The matter in this case is about two rival trademarks “SERO” Vs. “SERON”
– Whether the trademark held by the plaintiff has been infringed?
– Whether the copyright held by the plaintiff has been infringed?
The plaintiff, a registered partnership firm, was involved in manufacturing business, of garment
products and fashion wear, primarily for men. As a brand, one of its trademarks happened to be
“SERO”. The defendant, a sole proprietorship concern, adopted the label “SERON” for the
clothing sold by Aristo Apparels. The plaintiff placed the claim that such a label used by the
defendant was deceptively similar to the mark “SERO”, infringing their trademark and the
copyright in the artistic model of their mark.
The Court firstly compared the artistic work which served as the mark of the plaintiff and the
defendant’s mark. As described by the Court, it was seen that Plaintiff’s mark had an oval design
that was tilted, in which the cursive version of the alphabet “S” was placed. This mark had a
white border and one portion of it was blue in colour while the other part was red. The
defendant’s mark consisted of a similarly stylized “S” set inside a circle, which was also tilted.

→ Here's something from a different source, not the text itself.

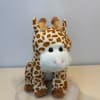 Plush giraffe toy with brown-and-white spots and a white snout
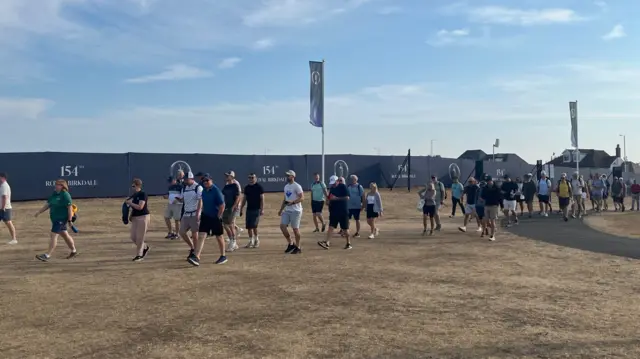 Fans arrive at the Open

As seen in the plaintiff’s mark, one portion of the artistic work was red and the other portion was
blue. The border was black in colour. Along with such similarity witnessed in the artistic nature
of the mark, the Court also noted that the defendant had merely added the letter “N” to the name
of the plaintiff’s work. These similarities were witnessed in the same class of goods, i.e.,
readymade clothes for men.
As claimed by the plaintiff, the Court accepted that “SERO” is a coined work, and the registered
trademark in the same, gave proprietary rights in it to the plaintiff. The plaintiff managed to
establish the positive reputation and goodwill that their firm and products possessed. Hence this
portrayed the distinctiveness of the mark and sense of unique identification that could be
attributed to their firm. It was established by the plaintiff that the defendant had prior knowledge
about the existence and market presence of the plaintiff’s trademark, as it was noted that the
defendant went on to use his mark and sell products even after he had applied for a registration
for the label “SERON” in class 25 of the Trademarks Act. This was conclusive proof of the fact
that the defendant must have gained awareness about the registered trademark for “SERO.” The
Court held that such visual and phonetic similarity between the two marks amounted to a
trademark infringement on part of the defendant. On account of the copyright possessed by the
plaintiff in the artistic work of the mark, the Court held that this was also a subject of the
infringement, in lieu of the defendant’s act of printing such a mark on his products and selling
Hence the Court made an ad-interim order, issuing an injunction directing the defendants to
refrain from using any mark similar to that of “SERO”, such that the trademark and copyright
possessed by the plaintiff would be infringed. The Court Receiver was directed to seize and seal
every offending product that the Defendant stored, as empowered under Order XL Rule 1 of the
Code of Civil Procedure, 1908.
The facts, circumstances and decision in this case showcases a classic instance of willfully
undertaken efforts to make use of the good will, reputation and intellectual property rights
possessed by another, and pass off goods or services. The Court’s act of delivering the order after
noting that the defendant had not responded in spite of having been served twice, is an
appreciable pursuit, restoring faith in the judicial system.